Presentation by Amanda Higgins

Presentation by Nicola Goodman

The use of technologies such as iPads and e-portfolios in early childhood education are becoming increasingly popular. In the first part of this workshop, Amanda, Nicola and Luke will present results from their postgraduate research, highlighting the affordances and challenges of these technologies and making links with the revised Te Whāriki. The second part of the workshop will focus on a facilitated discussion about the place of these technologies within early childhood education generally and in your service.

Dr Anita Mortlock, Bevan Connell and Athena Maghsoudinejad

Responsive, reciprocal relationships? For sure!

Presentation by Athena Maghsoudinejad

What does recent research on children’s socio-emotional development tell us about fostering communities of children that foster rich and healthy relationships between peers?

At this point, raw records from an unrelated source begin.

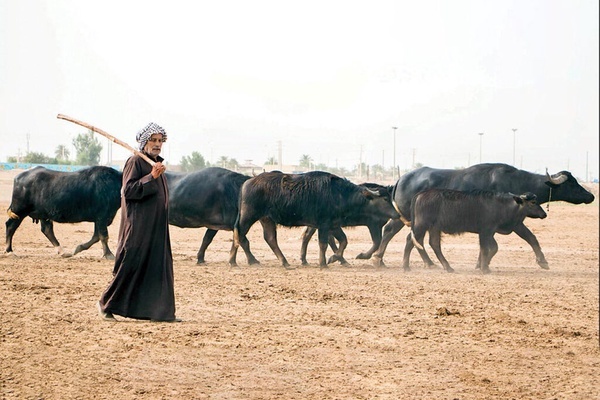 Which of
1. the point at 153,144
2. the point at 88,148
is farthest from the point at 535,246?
the point at 88,148

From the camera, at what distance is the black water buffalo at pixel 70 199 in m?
18.1

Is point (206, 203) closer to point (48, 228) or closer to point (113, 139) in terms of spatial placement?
point (48, 228)

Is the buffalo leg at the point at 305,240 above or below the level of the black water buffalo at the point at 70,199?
below

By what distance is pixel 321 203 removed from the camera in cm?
1769

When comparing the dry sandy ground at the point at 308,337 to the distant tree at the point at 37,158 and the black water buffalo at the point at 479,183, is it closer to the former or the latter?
the black water buffalo at the point at 479,183

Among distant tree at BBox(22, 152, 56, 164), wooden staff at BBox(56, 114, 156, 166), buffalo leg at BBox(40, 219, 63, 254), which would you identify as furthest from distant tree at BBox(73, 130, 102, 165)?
wooden staff at BBox(56, 114, 156, 166)

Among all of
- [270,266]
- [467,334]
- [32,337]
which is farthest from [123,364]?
[270,266]

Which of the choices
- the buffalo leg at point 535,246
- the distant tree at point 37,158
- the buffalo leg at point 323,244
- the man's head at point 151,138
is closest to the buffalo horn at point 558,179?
the buffalo leg at point 535,246

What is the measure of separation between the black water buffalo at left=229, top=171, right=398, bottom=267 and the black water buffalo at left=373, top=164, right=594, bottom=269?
1.25 m

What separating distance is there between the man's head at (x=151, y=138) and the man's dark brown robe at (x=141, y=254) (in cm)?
12

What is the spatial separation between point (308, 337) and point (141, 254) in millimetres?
1915

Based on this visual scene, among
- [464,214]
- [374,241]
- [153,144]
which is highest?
[153,144]

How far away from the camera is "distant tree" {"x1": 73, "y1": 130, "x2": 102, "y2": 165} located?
60.7 m

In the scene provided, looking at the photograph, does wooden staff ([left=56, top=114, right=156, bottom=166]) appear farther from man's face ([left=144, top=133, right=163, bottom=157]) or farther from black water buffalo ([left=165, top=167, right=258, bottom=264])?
black water buffalo ([left=165, top=167, right=258, bottom=264]) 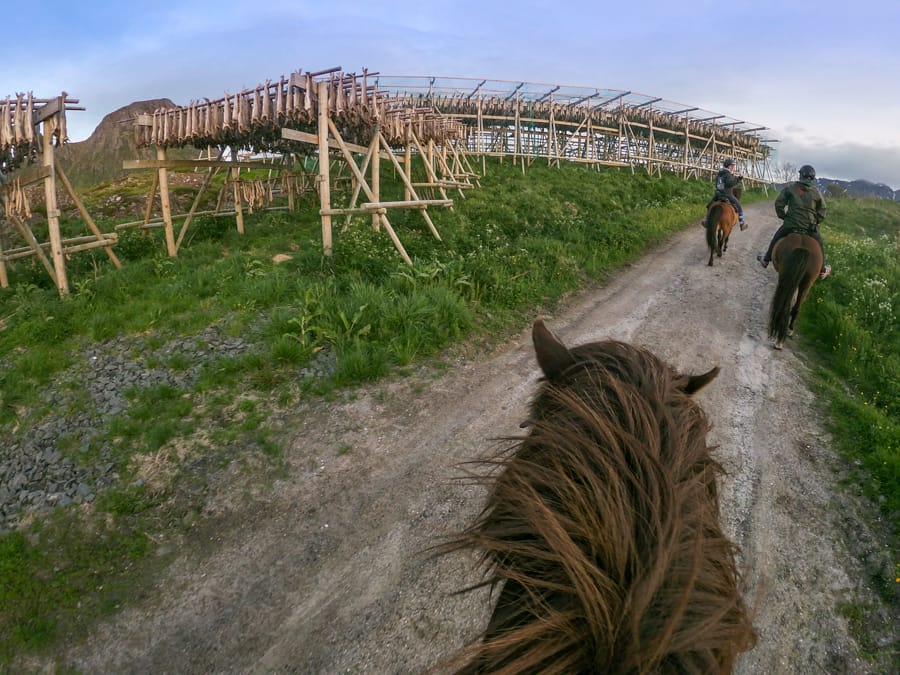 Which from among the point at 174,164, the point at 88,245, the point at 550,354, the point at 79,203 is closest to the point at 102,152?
the point at 174,164

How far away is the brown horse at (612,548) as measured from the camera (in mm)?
997

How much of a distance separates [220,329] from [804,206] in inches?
325

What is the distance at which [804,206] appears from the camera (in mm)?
6805

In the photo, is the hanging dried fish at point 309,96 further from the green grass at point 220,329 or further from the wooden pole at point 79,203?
the wooden pole at point 79,203

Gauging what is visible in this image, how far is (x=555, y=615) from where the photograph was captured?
102 cm

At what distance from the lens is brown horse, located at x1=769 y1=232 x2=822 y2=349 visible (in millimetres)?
6262

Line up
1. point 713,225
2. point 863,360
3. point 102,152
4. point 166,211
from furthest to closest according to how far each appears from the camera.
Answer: point 102,152 → point 713,225 → point 166,211 → point 863,360

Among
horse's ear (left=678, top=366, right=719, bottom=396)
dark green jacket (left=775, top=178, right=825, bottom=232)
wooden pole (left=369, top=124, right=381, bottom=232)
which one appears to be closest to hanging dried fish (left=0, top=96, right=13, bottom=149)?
wooden pole (left=369, top=124, right=381, bottom=232)

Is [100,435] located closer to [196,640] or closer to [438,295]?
[196,640]

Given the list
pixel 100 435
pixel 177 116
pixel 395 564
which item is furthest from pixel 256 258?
pixel 395 564

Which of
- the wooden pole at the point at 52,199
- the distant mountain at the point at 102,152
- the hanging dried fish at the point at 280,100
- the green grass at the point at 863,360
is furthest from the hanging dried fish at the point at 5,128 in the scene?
the distant mountain at the point at 102,152

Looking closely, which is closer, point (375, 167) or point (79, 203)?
point (79, 203)

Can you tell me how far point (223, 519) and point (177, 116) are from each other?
28.5 feet

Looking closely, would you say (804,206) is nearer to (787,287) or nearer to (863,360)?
(787,287) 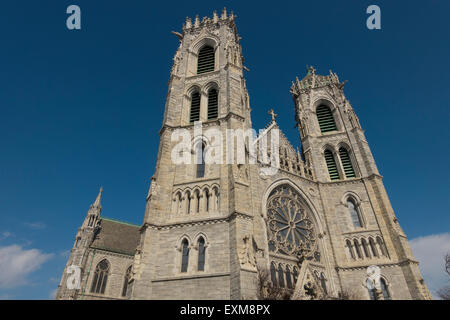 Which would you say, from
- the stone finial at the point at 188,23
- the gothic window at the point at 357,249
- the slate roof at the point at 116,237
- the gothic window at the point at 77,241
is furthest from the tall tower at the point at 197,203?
the slate roof at the point at 116,237

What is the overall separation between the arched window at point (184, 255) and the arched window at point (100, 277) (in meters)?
17.3

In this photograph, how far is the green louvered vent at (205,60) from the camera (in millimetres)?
25438

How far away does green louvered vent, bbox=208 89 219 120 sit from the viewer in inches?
847

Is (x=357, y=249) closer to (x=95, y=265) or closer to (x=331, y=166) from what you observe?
(x=331, y=166)

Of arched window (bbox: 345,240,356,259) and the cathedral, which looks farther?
arched window (bbox: 345,240,356,259)

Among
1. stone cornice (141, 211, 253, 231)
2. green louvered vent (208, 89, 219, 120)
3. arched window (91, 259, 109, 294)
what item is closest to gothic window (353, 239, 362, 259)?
stone cornice (141, 211, 253, 231)

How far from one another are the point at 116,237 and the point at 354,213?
83.8 ft

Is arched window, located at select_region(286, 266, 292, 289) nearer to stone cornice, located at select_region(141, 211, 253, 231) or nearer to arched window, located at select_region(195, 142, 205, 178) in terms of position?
stone cornice, located at select_region(141, 211, 253, 231)

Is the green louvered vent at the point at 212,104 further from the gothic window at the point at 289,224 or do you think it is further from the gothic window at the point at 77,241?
the gothic window at the point at 77,241

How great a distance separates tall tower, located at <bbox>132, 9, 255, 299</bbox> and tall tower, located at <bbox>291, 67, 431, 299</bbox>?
9.03m

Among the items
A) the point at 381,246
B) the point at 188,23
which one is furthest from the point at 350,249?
the point at 188,23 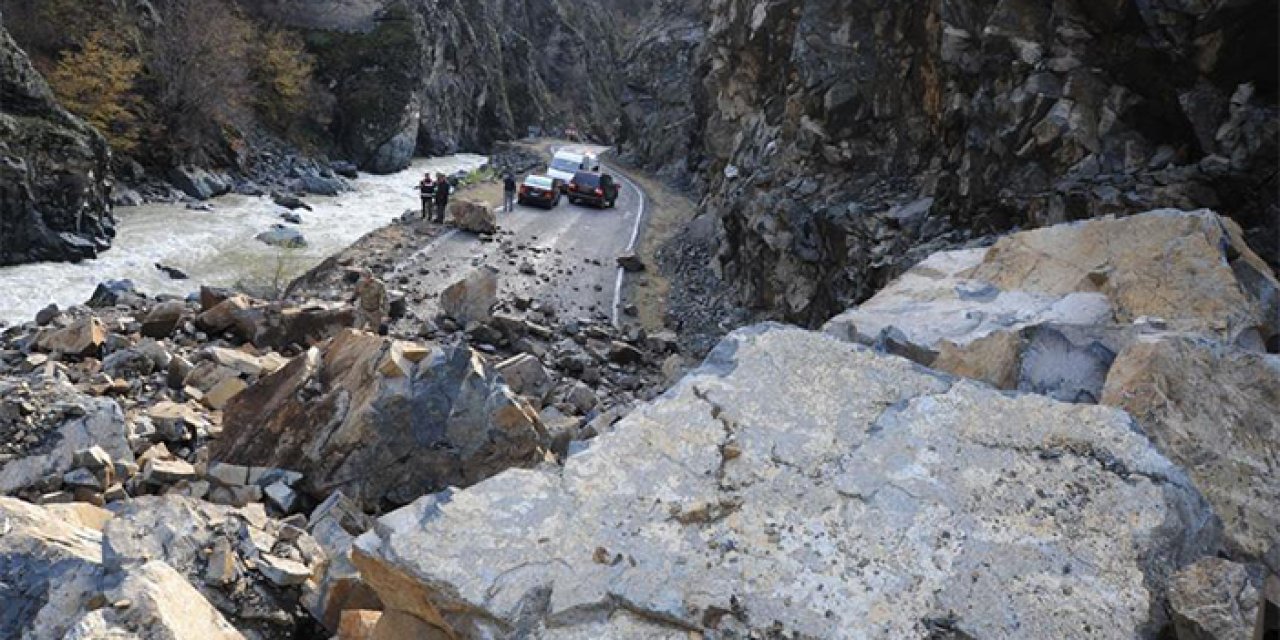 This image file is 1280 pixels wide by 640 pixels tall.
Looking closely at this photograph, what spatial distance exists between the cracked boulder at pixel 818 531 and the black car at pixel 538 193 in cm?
2555

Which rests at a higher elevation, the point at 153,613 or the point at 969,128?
the point at 153,613

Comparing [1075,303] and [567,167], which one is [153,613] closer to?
[1075,303]

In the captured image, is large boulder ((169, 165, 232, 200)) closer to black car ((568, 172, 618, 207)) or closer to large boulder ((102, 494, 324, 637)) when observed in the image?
black car ((568, 172, 618, 207))

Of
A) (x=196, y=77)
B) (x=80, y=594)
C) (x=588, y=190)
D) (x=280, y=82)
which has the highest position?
(x=80, y=594)

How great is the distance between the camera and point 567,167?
35.8m

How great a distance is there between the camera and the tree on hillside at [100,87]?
27766 millimetres

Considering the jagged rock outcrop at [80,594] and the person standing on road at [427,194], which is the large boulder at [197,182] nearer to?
the person standing on road at [427,194]

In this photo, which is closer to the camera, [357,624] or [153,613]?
[153,613]

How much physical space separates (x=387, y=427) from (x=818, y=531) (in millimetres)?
4800

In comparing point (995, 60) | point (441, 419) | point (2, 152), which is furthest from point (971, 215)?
point (2, 152)

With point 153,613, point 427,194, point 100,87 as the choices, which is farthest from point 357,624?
point 100,87

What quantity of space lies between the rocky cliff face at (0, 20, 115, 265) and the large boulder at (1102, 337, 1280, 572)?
73.6 feet

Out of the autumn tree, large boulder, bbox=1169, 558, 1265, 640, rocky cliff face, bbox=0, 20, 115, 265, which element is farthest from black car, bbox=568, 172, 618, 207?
large boulder, bbox=1169, 558, 1265, 640

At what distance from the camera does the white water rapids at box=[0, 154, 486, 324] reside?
17.8 metres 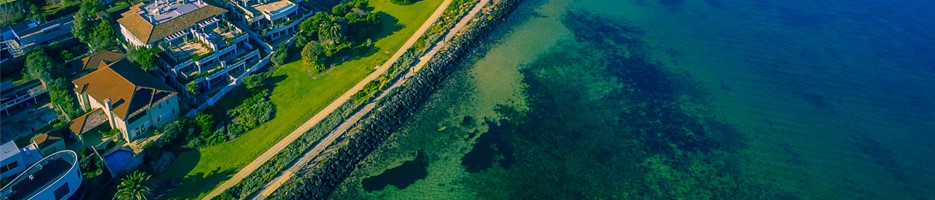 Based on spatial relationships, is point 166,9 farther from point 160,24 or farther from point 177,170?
point 177,170

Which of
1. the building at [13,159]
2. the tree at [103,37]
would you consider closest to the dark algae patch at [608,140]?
the building at [13,159]

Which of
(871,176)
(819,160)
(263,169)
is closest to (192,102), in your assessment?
(263,169)

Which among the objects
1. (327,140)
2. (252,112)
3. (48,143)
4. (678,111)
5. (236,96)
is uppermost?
(48,143)

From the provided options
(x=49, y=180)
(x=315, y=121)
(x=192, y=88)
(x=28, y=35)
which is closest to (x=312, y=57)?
(x=315, y=121)

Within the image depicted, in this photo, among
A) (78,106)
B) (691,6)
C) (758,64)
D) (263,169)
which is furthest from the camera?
(691,6)

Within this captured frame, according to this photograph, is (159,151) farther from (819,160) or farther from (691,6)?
(691,6)

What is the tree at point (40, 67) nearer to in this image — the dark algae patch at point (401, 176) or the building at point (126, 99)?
the building at point (126, 99) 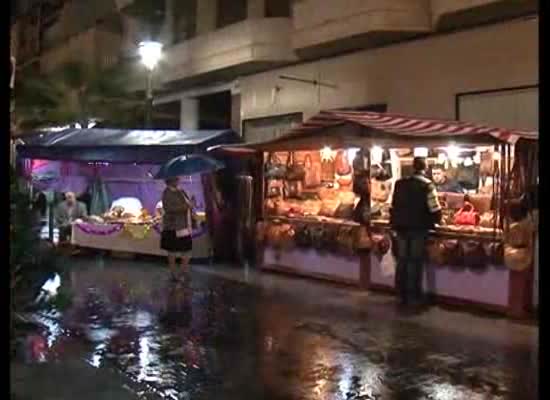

Associate Professor Jenny Ritchie and Nadia Abu-Shanab

Revised Te Whāriki and its response to poverty

In what ways does the revised Te Whāriki guide us to sensitively and respectfully manage the complexities and difficulties that children and their whānau face every day when grappling with insufficient resources to be well? Jenny Ritchie and Nadia Abu-Shanab will share their expertise about working with people who are experiencing poverty and offer opportunity for participants to engage and explore issues of poverty and curriculum

Dr Mary Jane Shuker

The place of pop culture in early childhood education settings

Research has increasingly recognised the significant role that popular culture plays in many young children’s lives. Children naturally bring their home and community interests regarding popular culture into their early childhood settings. This session explores the place of popular culture in such settings, in order to provide a socially and culturally responsive curriculum.